God’s goodness is the very foundation of his greatness. His power is not arbitrary or capable of evil. As C. S. Lewis reminds us, his goodness is his power to create us for himself:
God has no needs. Human love… is caused by a real or supposed goal in its beloved which the lover needs and desires. But God’s love, far from being caused by goodness in the object, causes all the goodness which the object has, loving it first into existence, and then into real, though derivative, lovability. God is Goodness. He can give good, but cannot need or get it. In that sense, his love is, as it were, bottomlessly selfless by very definition; it has everything to give, and nothing to receive (The Problem of Pain [HarperOne, 1996], 43).

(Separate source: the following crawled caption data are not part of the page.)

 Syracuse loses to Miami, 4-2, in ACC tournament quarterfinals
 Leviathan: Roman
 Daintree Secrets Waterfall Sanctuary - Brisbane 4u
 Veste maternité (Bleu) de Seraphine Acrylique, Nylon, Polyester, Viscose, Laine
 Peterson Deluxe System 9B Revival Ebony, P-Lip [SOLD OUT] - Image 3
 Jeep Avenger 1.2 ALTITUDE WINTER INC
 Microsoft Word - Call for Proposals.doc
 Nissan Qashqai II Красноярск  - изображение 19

In the eternal love of the Trinity, God has existed in perfect harmony, peace, love, and faithfulness. His greatness is seen specifically in the fact that “God is love” (1 John 4:8). This is also his goodness. In his independent, unchanging nature, he has decided to share that love with us. He brings the whole world into a relationship with himself according to his eternal purpose and wisdom.
God created the world in real freedom and love, giving humans the power to choose good and evil. Even though we have chosen evil for ourselves, God does not change. Mysteriously, God’s eternal plan governs all things, including our free actions.
God’s goodness and greatness are inseparable. His goodness surpasses our wildest expectations in the face of a rebellious world. He tells us, “I have no pleasure in the death of the wicked, but that the wicked turn from his way and live” (Ezek. 33:11). What’s more is that he actually provides the way for the ungodly to turn and live!
Had he given the justice we immediately deserved, no one would be left standing. From his love he is just, holy, and jealous, and yet also compassionate, faithful, and merciful.
God is so great that he can love those who show him only hatred, evil, and contempt, because he does not depend on what they think, feel, or do. He is love. God’s boundless, limitless love is what compelled him to send his own Son to die for such a world as this (John 3:16).